California is going to be governed from the courtroom. November’s most controversial ballot measure, Proposition 8 on gay marriage, is court-bound. And, the legislature’s Democrats have offered up a complex approach to raise revenue in an attempt to sidestep the state’s standard operating procedure. If this maneuver gets the governor’s signature, the courts will be rendering a verdict on this as well.

Of course, it’s not uncommon for courts to decide the fate of laws. But in both the Prop 8 and tax law cases it appears judges will be going beyond the role of umpire in precedent setting ways.

In the Proposition 8 case, Attorney General Jerry Brown has taken the unusual position of declaring he will not defend the law passed by the voters, but argues that Proposition 8 is in conflict with “inalienable rights” which cannot be altered by an initiative constitutional amendment.

This argument will bring the judges into the long debated issue of natural rights versus legal rights. Natural rights are not based on laws, customs or political beliefs. Thomas Jefferson, in the Declaration of Independence, asserted that a people coming together to govern themselves may do so under the “Laws of Nature and of Nature’s God.” These natural laws cannot be set aside by civic action.

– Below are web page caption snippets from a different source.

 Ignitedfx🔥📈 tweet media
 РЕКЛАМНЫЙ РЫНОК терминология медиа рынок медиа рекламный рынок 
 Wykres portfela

However, some scholars argue that codified laws convey legal rights and these laws may be altered by prescribed methods.

The question before the court in Brown’s reasoning is can Proposition 8 be thrown out because it violates natural rights (inalienable rights). This approach is quite different than the challenge that Proposition 8 is revising rather than amending the constitution, something an initiative measure cannot do.

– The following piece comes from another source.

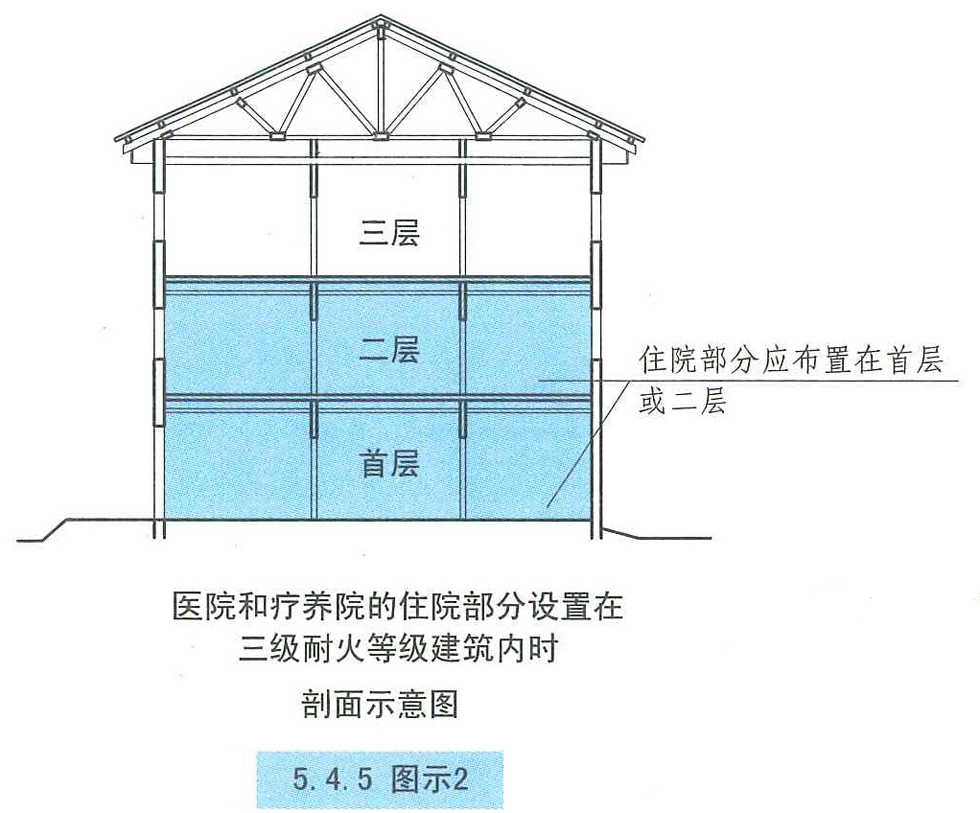 5.4.5 图示2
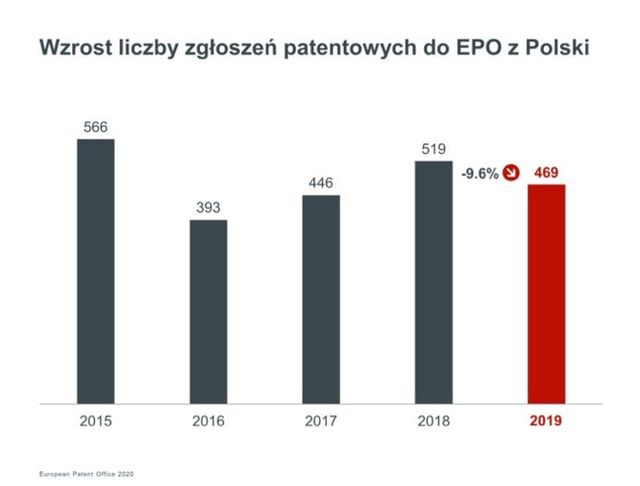 Patenty 2019. Polskie wynalazki wyhamowały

Deference to the voters’ decision must be paramount or the foundation of our democracy will crumble. However, it is also important that a majority not quash a minority’s basic rights. The courts will try to navigate this legal thicket if they follow the path lighted by Brown.

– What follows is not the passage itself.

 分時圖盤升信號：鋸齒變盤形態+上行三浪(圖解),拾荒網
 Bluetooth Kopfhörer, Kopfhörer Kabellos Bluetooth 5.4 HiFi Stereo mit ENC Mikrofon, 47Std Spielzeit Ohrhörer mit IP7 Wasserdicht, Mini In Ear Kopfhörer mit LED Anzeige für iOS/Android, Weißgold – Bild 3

In the past, California courts have made a distinction between taxes and fees. But, these same courts have been reluctant in asserting themselves into governing disputes between the legislature and the governor. How the courts approach the end run maneuvers concocted by the legislature last week to raise revenue will be telling.

If the courts abandon former definitions and allow the legislature to pass so-called fees with majority votes, revenue raising in this state will be altered dramatically. And, this will be the first domino to fall. Reaction to such a decree will undoubtedly bring on a furious response from Republicans and taxpayer groups. Referendums on current fees and initiatives establishing a two-thirds vote for future fees will make their way to the ballot.

Voters have historically taken a different view than the majority in the legislature on making it easier to raise revenue. Ironically, in the end, a court’s ruling to allow majority vote revenue increases could lead to stricter laws established by voters on the ability to raise revenue.

All these considerations fall to the California courts, which are not immune to politics. Judges have to face voters whether through retention votes, elections or even the possibility of recalls. In this way, some judges may feel like legislators who weigh their decisions with an eye toward the electorate.

Judges were never meant to rule and it is not the fault of the jurists that this burden falls upon them. That fault lies with the legislators and governor for not getting the job done.

The judges have become the legislators of last resort.